Ola Âşık Ömer’in cilvegehi adn-ı celil”

Şair Vehbî, meşhur Sühan kasidesinde ondan bahsetti, İzzet Molla da bir mısraını tazmin etti. Yazma dîvanının Konya Mevlâna Müzesi ve İstanbul Yahya Efendi Kitaplığındaki nüshaları en zengin olanlarıdır. Yeni harflerle Saadet Nüzhet Ergun tarafından yazılan bir inceleme ile beraber basıldı (1936). Bu kitapta bulunmayan pek çok şiiri de cönklerdedir. Yine S. Nüzhet Ergun, şairin 750 kadar şiirini Âşık Ömer / Hayatı ve Şiirleri (1953) adlı kitapta topladı.

Ayvansaraylı Hafız Hüseyin tarafından 1782’de, Âşık Ömer Divanı adıyla bir araya getirilen şiirlerin arasında, koşma, destan, semai ve varsağı şeklinde söylenen heceli örnekler azdır. Bu matbuunun beş on misli olan yazma bir nüshası Konya’da Mevlana Dergâhı Kütüphanesinde bulunmaktadır. Büyük bir cilt tutan bir nüshası da Beşiktaş’ta Yahya Efendi Kütüphanesi ile Samatya’da Uşşakî Kütüphanesindedir.
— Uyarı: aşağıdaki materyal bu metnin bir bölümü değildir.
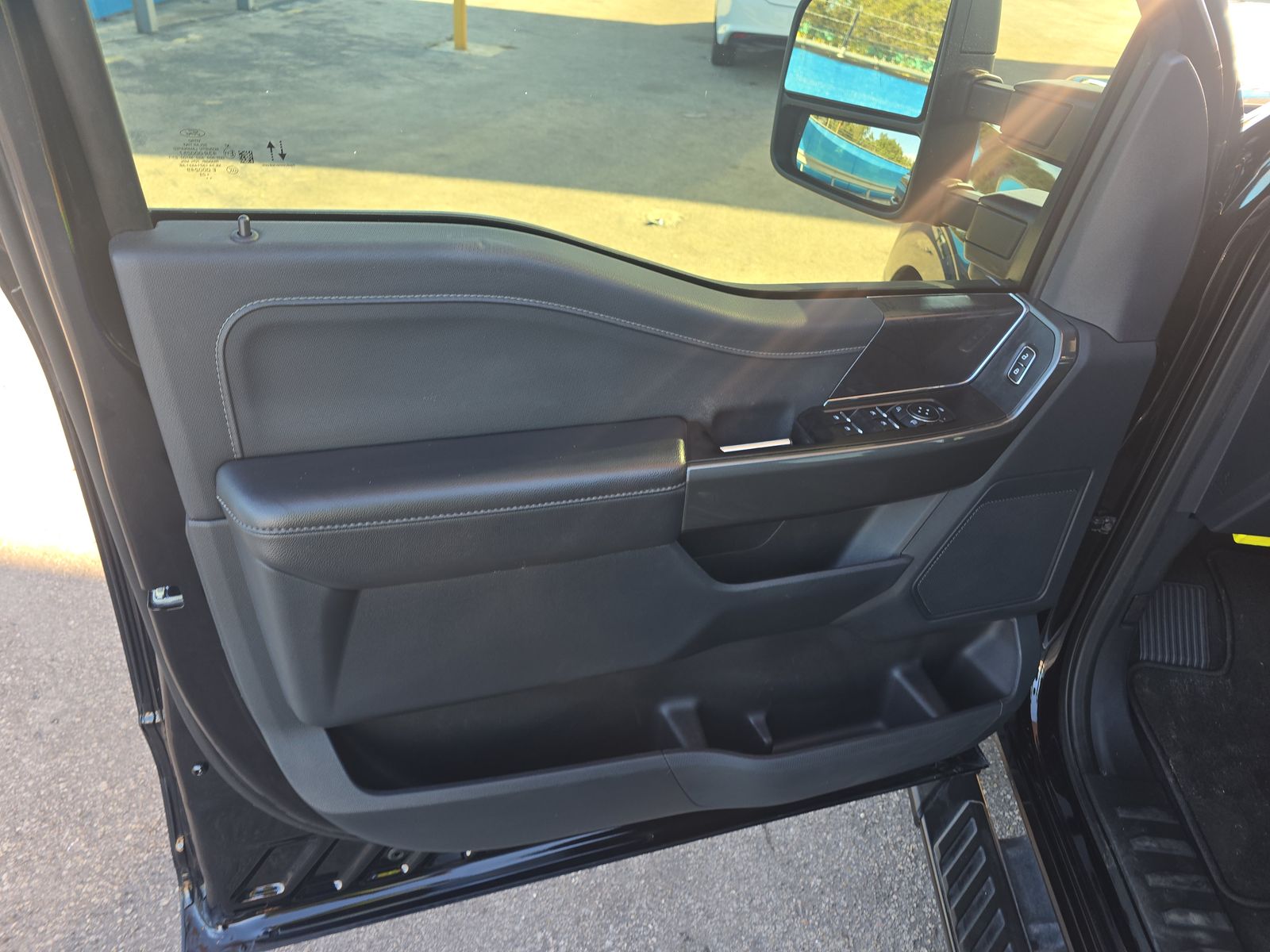 2023 Ford F-150 XLT RWD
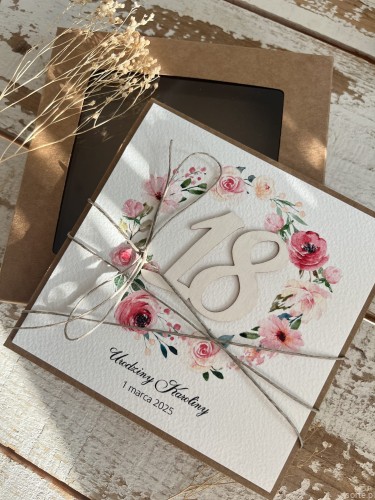 Personalizowany prezent - kartka ręcznie robiona na 18 urodziny w pudełku, pomysł na prezent osiemnastka z personalizacją w pudełku + personalizowane najpiękniejsze życzenia urodzinowe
HAKKINDA: Bursalı Mehmet Tahir / Osmanlı Müellifleri (c. 2, 1972), S. Nüzhet Ergun / Âşık Ömer: Hayatı ve Şiirleri (1936), Türk Dili ve Edebiyatı Ansiklopedisi (c. 1, 1977), Ahmet Kabaklı / Türk Edebiyatı (c. 2, 1978), TDE Ansiklopedisi (c. 1, s. 195-196), Seyit Kemal Karaalioğlu / Resimli Türk Edebiyatçılar Sözlüğü (1982), Nihad Sami Banarlı / Resimli Türk Edebiyatı Tarihi (c. 2, 1987), Abdülkadir Karahan / Âşık Ömer (TDV İslâm Ansiklopedisi, c. 4, 1991), İhsan Işık / TEKAA (2006).